It has been quite the week. There have been two sick kiddos going back & forth all week between here and their mother’s house, thinking they are all better, then going back to school only to get sick again. I took two additional days off from work this week and even canceled the open mic I host last night. It was my first time doing that in two years. But I needed a mental and physical health day after spending all day Wednesday trying to nurse two kids back to health. And last night, my little man needed me.
Still during all the craziness this week, I did manage to get back to Lake Michigan. Amanda and I drove out to South Haven beach. The air was cold, the waves were high. We froze our asses off. But I threw my stone into the lake and heaved a big rock into the Black River for good measure. This Lenten writing exercise has been so good for me. And we are only about 1/4 of the way through Lent. I am setting writing goals and meeting them. And I am actualizing things I have wanted to do for some time, but could never “find the time.”
I am continuing to think about things we do and say and the way every word and action ripples out. I wanted to tell you the story of how nearly a decade ago, I was up late on YouTube looking to discover Michigan based Hip Hop artists, and I discovered a great one. That one comment I left late one night led to a private conversation, a free CD that contains a track that has got me through some of the toughest days and nights since. Through a network of connections that developed, I dove much deeper into West Michigan’s music scene, and discovered the thriving open mic and spoken word scene. And now I host a show. And perhaps I will tell you that story in more detail another day.
But today I am meditating on an encouraging and challenging word I received a few days ago from a pastor I deeply admire and respect. She was my mentor for a year in seminary and she presided at my ordination. After reading one of these posts about the ripples, she left a comment on the Facebook link to the post: “Perhaps you should reflect on the ripples you have left and how you have influenced other people, because you have.”
This is a reassuring, even if if somewhat daunting challenge in thought experimentation and in self love: evaluate and assess some of the positive ripples I may have made in the world. I don’t know if it is the best writing exercise. And I am not sure she meant it to be. It is one thing to write about the positive influence I hope to be in the lives of my children. It is another thing altogether to say look over here, here is something good I have done. So I will land on here are a few things I hope have made a difference:
At a group examination of fresh candidates for ministry, shortly before my ordination, I was asked how I would apply passages in scripture (such as 1 Timothy 2) that say horrific things about women. I pretty clearly said I disagreed with the plain reading of such texts. I suggested that perhaps, they should even anger us and invite us to see the patriarchy and misogyny that exists in our own hearts. It was a really bold statement. I was in a room where not every pastor examining me was happy that there were progressives and worse women being examined for ordination. It was one of the scariest moments of my life. Somehow, I passed inspection. And it is a moment I still wonder about to this day.
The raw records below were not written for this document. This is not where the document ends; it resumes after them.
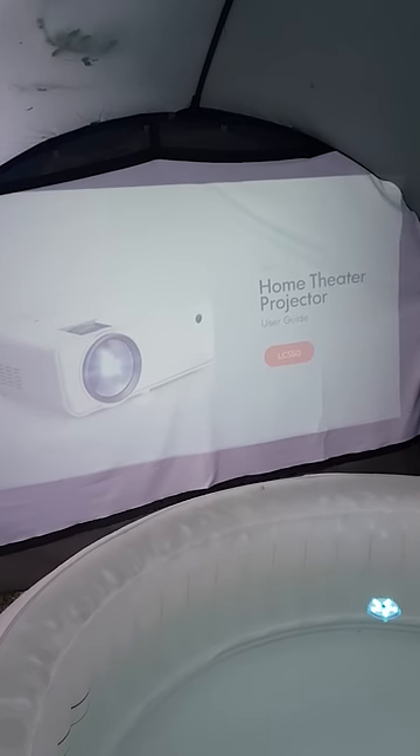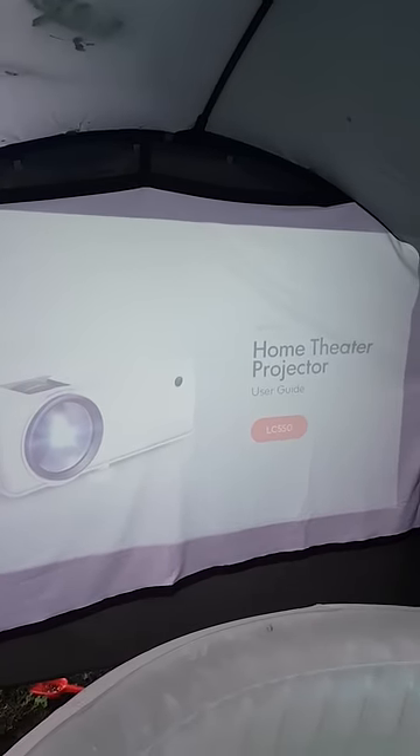Right, so the projector I'm using is the Ape Man LC 550. It's a pretty decent projector. I got it on Amazon for 130 quid, but I've seen it on offer for 20 quid off. And the inflatable hot tub is a Lazy Spa Paris.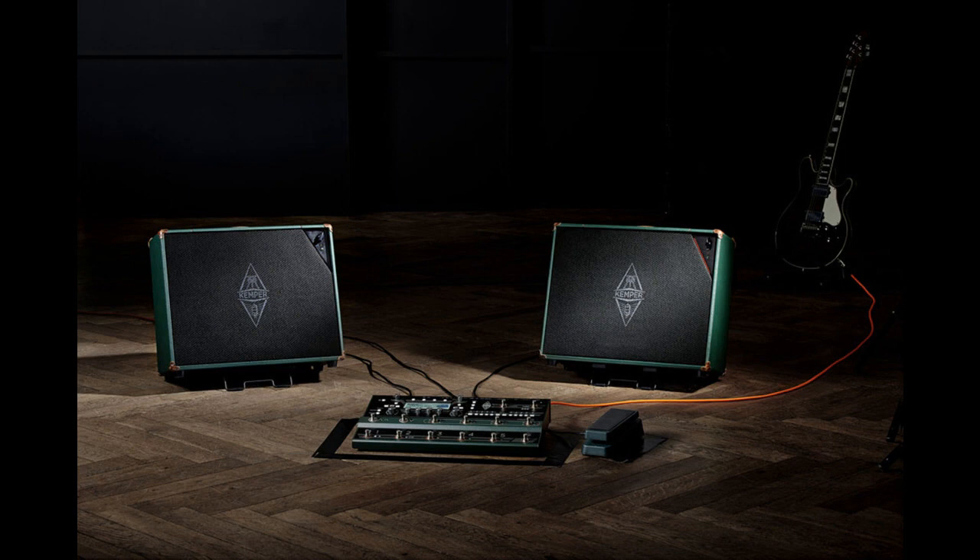Kemper releases power cabinet. Welcome to Music Gears, where we bring you the latest info on new music instruments, software, and other gear from around the world.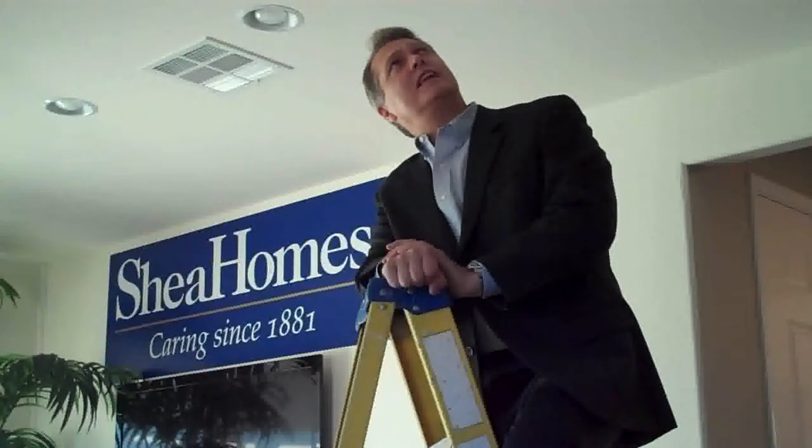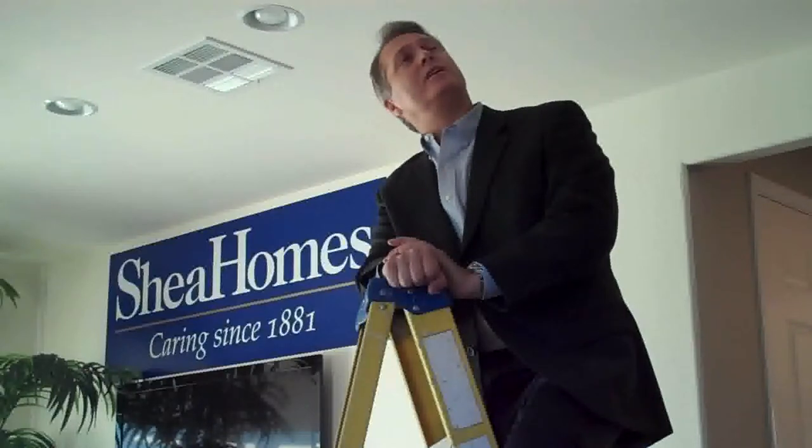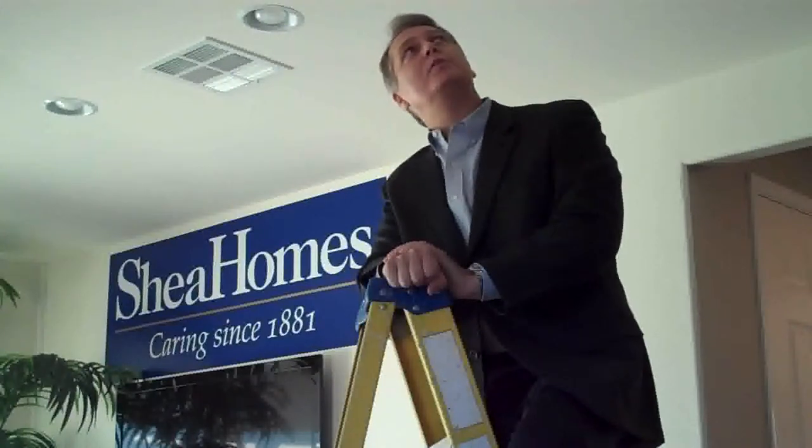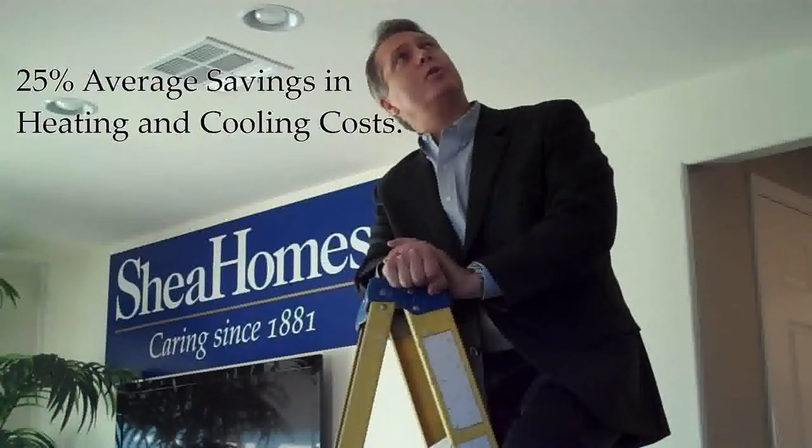That's cathedralized insulation. We put the insulation on the top of the roof truss instead of the bottom. Why would you do that? For a few different things, but number one, the most important, is to keep your attic temperatures much cooler.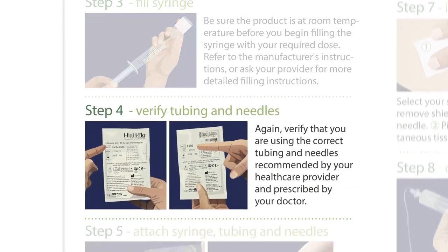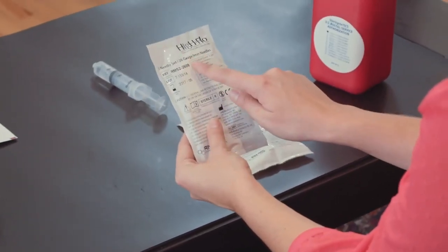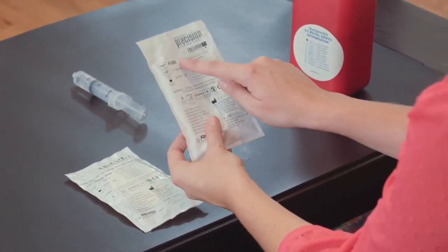Step 4: Verify tubing and needles. Again, verify that you are using the correct tubing and needles recommended by your healthcare provider and prescribed by your doctor.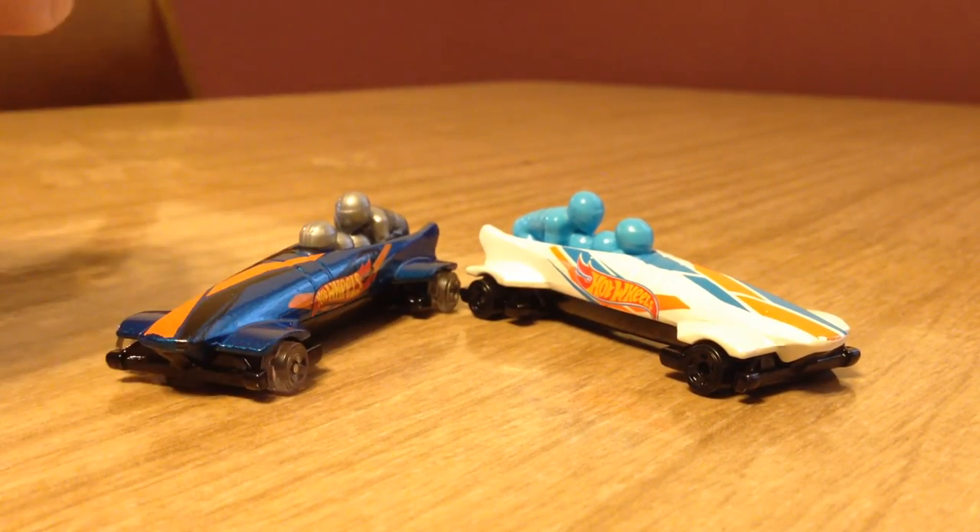Let me know what you think in the comments down below — do you like the blue one or the white one? That's pretty much it. Thank you very much, thanks for watching.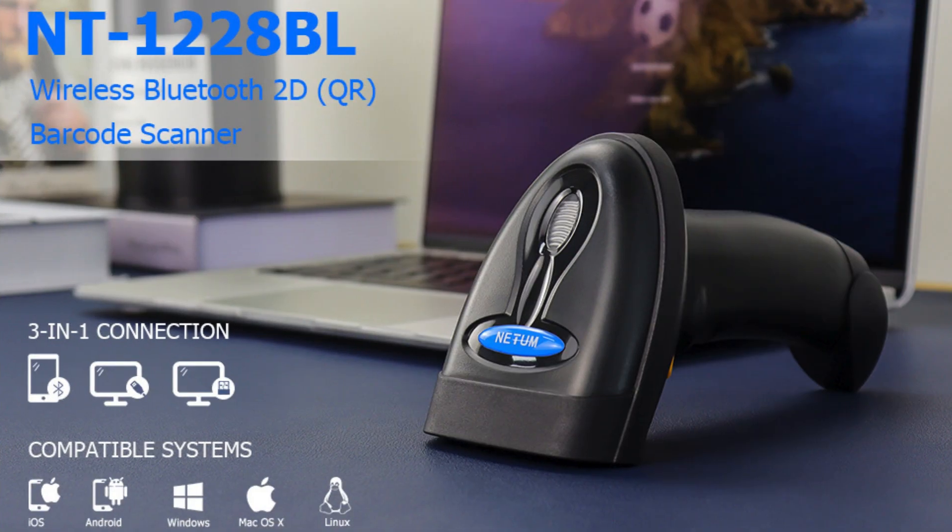Welcome to the latest products YouTube channel. Introduction of the ETUM 2D Barcode Scanner, compatible with 2.4 GHz wireless, Bluetooth, and USB wired connection. What has changed in 2024?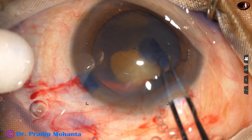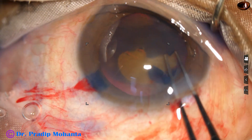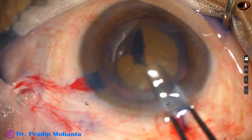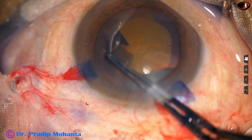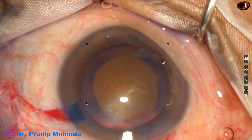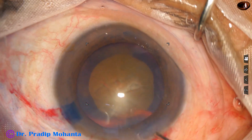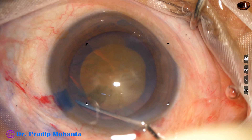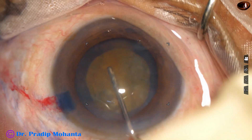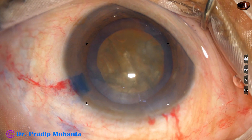I take the Utrata again and complete the rhexis. The rhexis is not circular but it is continuous, fairly centered and optimum sized — about 5.5 millimeter. In hard cataracts, size of the rhexis should be 5.5 to 6 millimeter.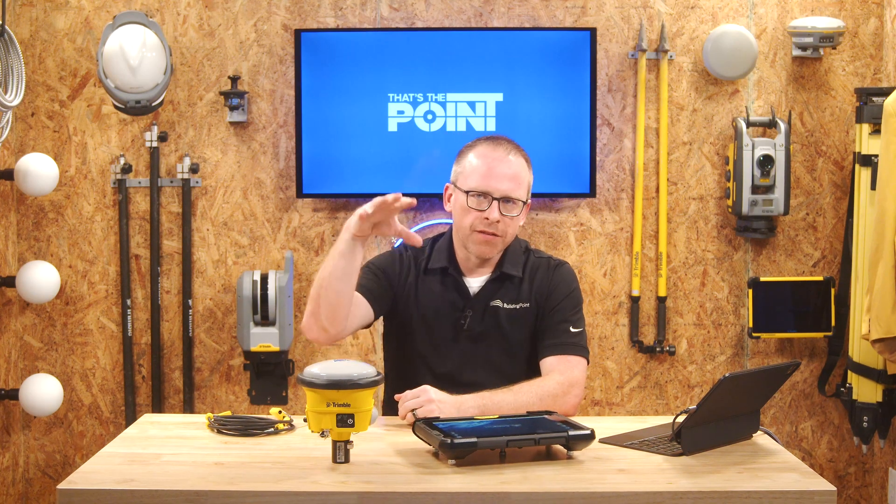Hello and welcome to That's The Point. This is the place where we talk about construction technology. My name is Corey Meyer, flying solo here today in the studio, so I don't have a co-pilot today.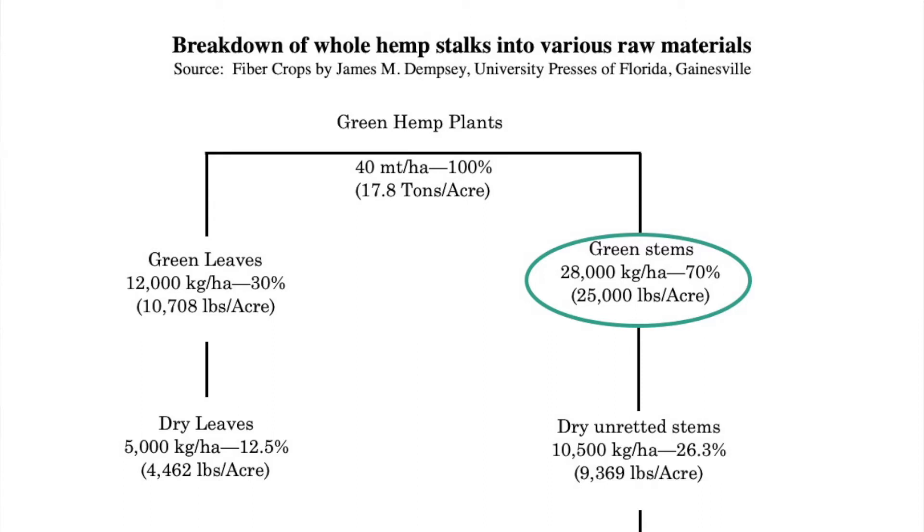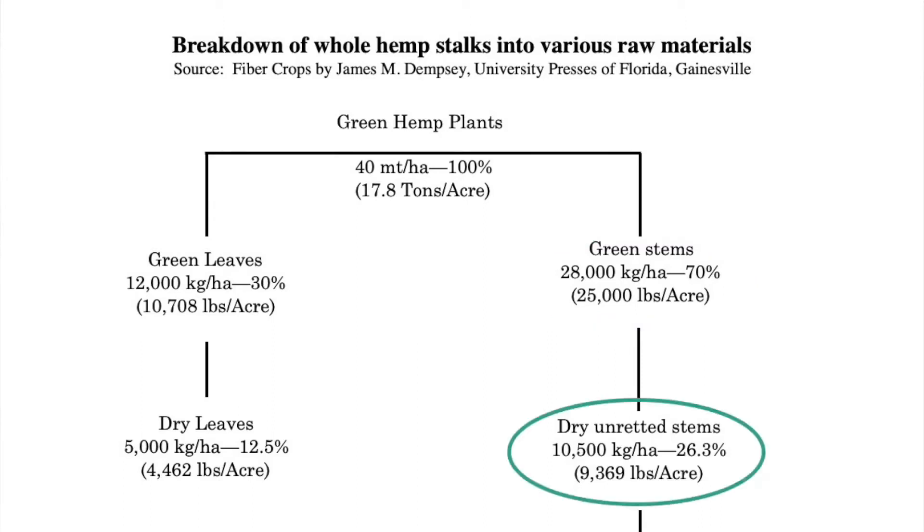That's green with the water. Once they're dried out, you're going to lose a lot of weight. You're going to end up with about 9,369 pounds per acre.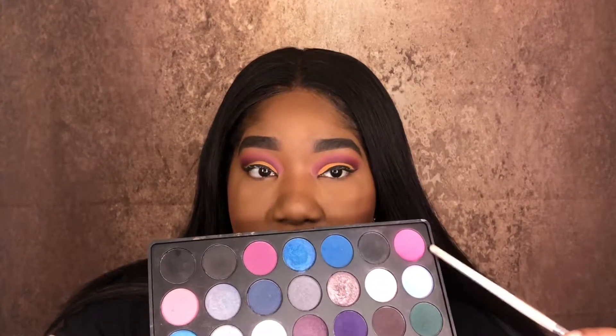Hey y'all, I'm back. I just did my base off camera to speed things along a little bit. I specifically wanted this video to be catered to eyes. Just remember: what you do to the top you want to do to the bottom, so I'm going to take this light pink shade and put that on my bottom lash line.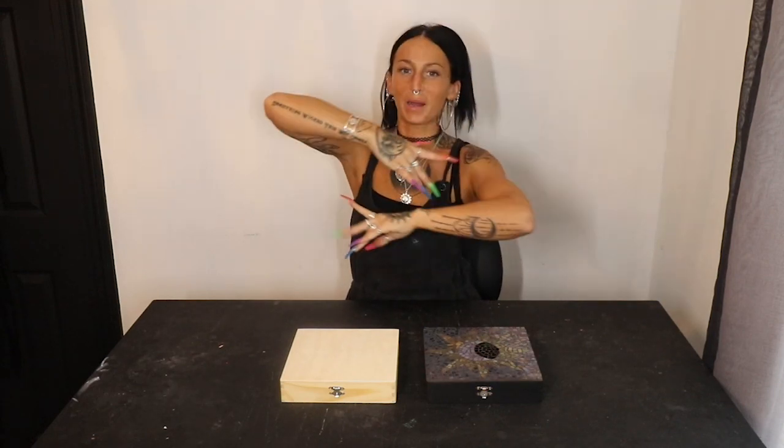What is up, you guys? Welcome to my YouTube channel. If you're new here, my name is Mackenzie. If you're not new, thank you for coming back.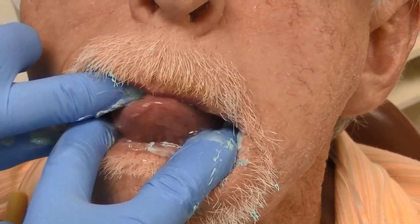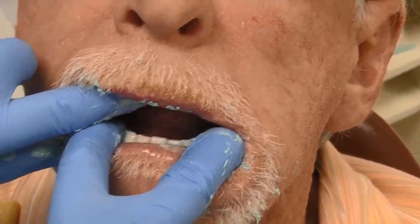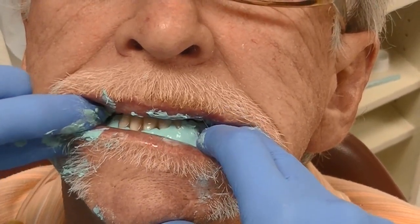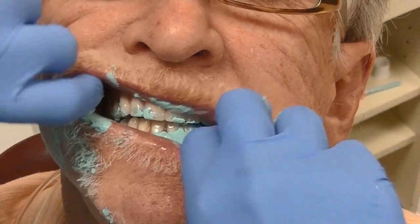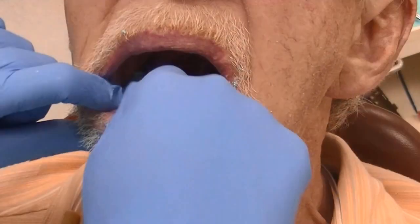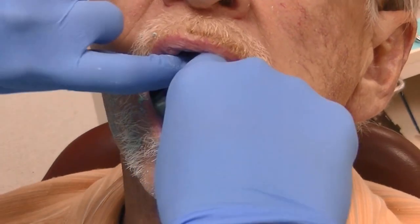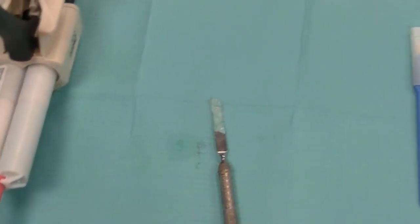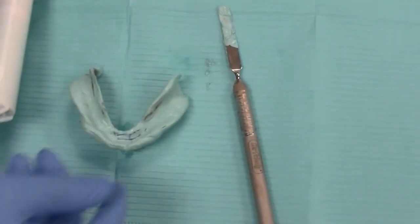Completing border molding using the tongue, we have the patient stick out the tongue, move it side to side, bite down, and then gently swallow a little bit. We complete the cheek side and lip side border molding. The impression material is removed after approximately three to four minutes, and then we can take it back to our counter and do some slight trimming of our radiopaque PVS material.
The sermon I was fired for. It was the week George Zimmerman was declared “not guilty.” I was preaching on the Parable of the Widow and the Unjust Judge. I declared that justice had not been served, that in fact a tragic miscarriage of justice had happened before our eyes. And I compared the continued faith of Sybrina Fulton (Trayvon Martin’s mother) to the widow in our parable. Over the course of the few months following that sermon and leading up to my expulsion, I heard it all “Americans have a right to stand their ground” and “that kid was high and using cough syrup” and much worse. As the long standing racial tensions in the American Zeitgeist have become increasingly obvious over the last few years, I have often wondered if I made a difference. But I have never once regretted my words or wondered if I picked the wrong hill to die on.
After the murder of Michael Brown by police officers, I wore my clergy shirt and collar and joined a group of concerned citizens who filled up the Grand Rapids City Commission to demand body cameras for Grand Rapids police officers. With fear and trembling, I spoke out boldly, pleading my case. I talked about the reality of implicit bias and shared a study on the subject. I insisted that regardless of religion or politics, black bodies were under attack by some law enforcement who had lost their way.
Every single time I perform my piece Heroes, I hope it might make a difference if anyone in the room is struggling with his or her own sexuality, with depression or with making sense of their religious upbringing or pieces of their socialization that may have been a voice of oppression in their lives.
I hope to someday look back and believe this blog series – laying my heart bare about my struggles with my religious background, my wildly harmful image of god, my own depression and efforts to better love myself and those around me – might have made a difference to one person.